Four years down, and just a month before the next edition of the quadrennial event, the 31-year old is struggling to find a length and variation that can restrict batsmen even on a wicket such as Ferozeshah Kotla’s where stroke-play is not easy.
The fast bowler, once touted India’s pace phenomenon, has entered the worst phase of his career in a matter of just a few months. He went for close to 10 per over on Sunday evening, an economy rate he is struggling to bring down at this year’s IPL. Umesh was RCB’s go-to man last season. He picked wickets and kept his economy rate within limits.
Ignored for the limited overs tour of SA early last year, he returned for the England ODIs last summer and two home ODIs against West Indies on the back of those IPL 2018 performances. The returns weren’t good and things began to fall away, hitting rock bottom when the selectors ignored him after having promised to include him for the one-dayers in Australia and New Zealand earlier this year.
RCB bowling coach and former India pacer Ashish Nehra feels Yadav’s confidence level has gone down. “Definitely, he is short on confidence (due to) the way his international cricket has gone over the last 4-5 months. He is not part of the World Cup. He is not even among the standbys. It is not easy for any cricketer to take that. Definitely that must be playing on his mind,” the former India left-arm pacer said.

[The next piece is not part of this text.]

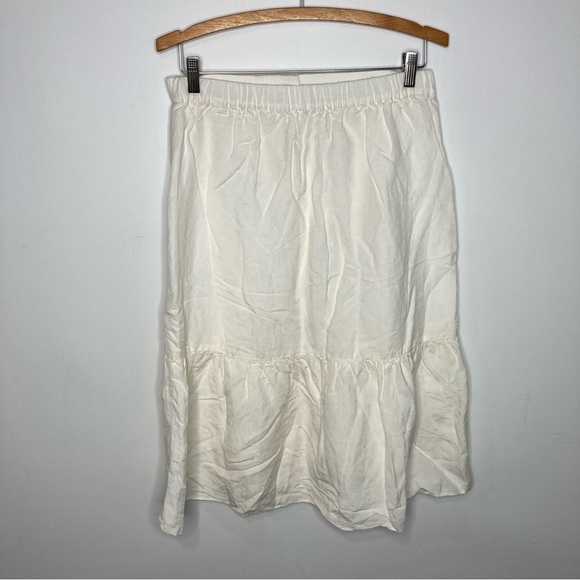 NWT Loft ivory button front skirt linen blend size small - Picture 4 of 9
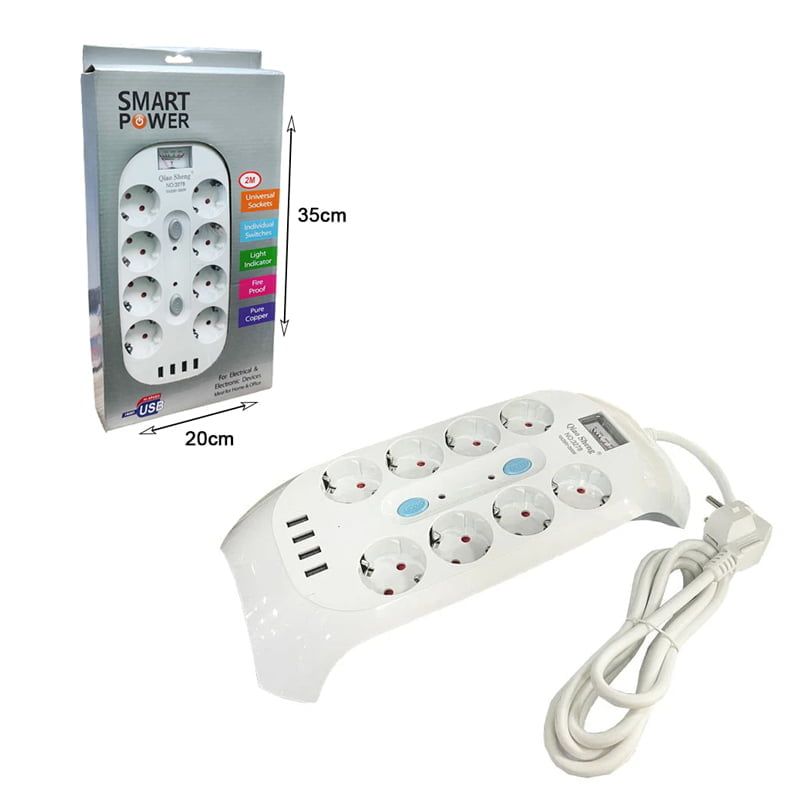 Qiao Sheng Πολύμπριζο 8 Θέσεων 10Α/250V-2500W 2m NO:3278 - Smart power 8 power socket 290027 - Image 4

Nehra said Umesh wasn’t getting the new ball right. “Last year that was his success mantra. He was bowling very well with the new ball. I feel the way he was swinging the ball, 70-80% of them were in good areas. (This time) the ball is going down leg. Definitely, he is lacking in confidence.”
Umesh agrees. “Ashish bhai is right. I haven’t been hitting the good areas as often as I was last year. Unlike last year, when I was hitting them 80% of the time, this time, I am hitting them at just 60%. The World Cup snub has been on the back of my mind.”
Since the last World Cup, Umesh has had a roller coaster ride, playing only 27 ODIs out of India’s 86. Despite being the highest wicket-taker among pacers in the home ODI series against New Zealand, with eight, he was given just a game or two in series that followed, the only exception being the five-ODI series in West Indies in 2017 and he did well there.
“When you don’t get opportunities regularly, there is pressure to perform every time. That can wreck anyone. I feel disappointed when I am told that my performance wasn’t up to scratch. I would have accepted if I’d been given 8-9 ODIs at a stretch and then failed.”
In the last one year, Umesh has played just four ODIs, spread over two series.
“I don’t want to comment on selection. All I can say is that I am disappointed because I didn’t get a fair run,” Yadav said.
But as Nehra says, “In this format, you need will more than skill, but what you need most is dil (heart). There is a difference between pressure and fear. Being experienced, he (Umesh) knows where he is lacking. He is not a new guy like Navdeep Saini. He himself knows that he is not bowling at his best. From here on, he should look to make a comeback in the India team.”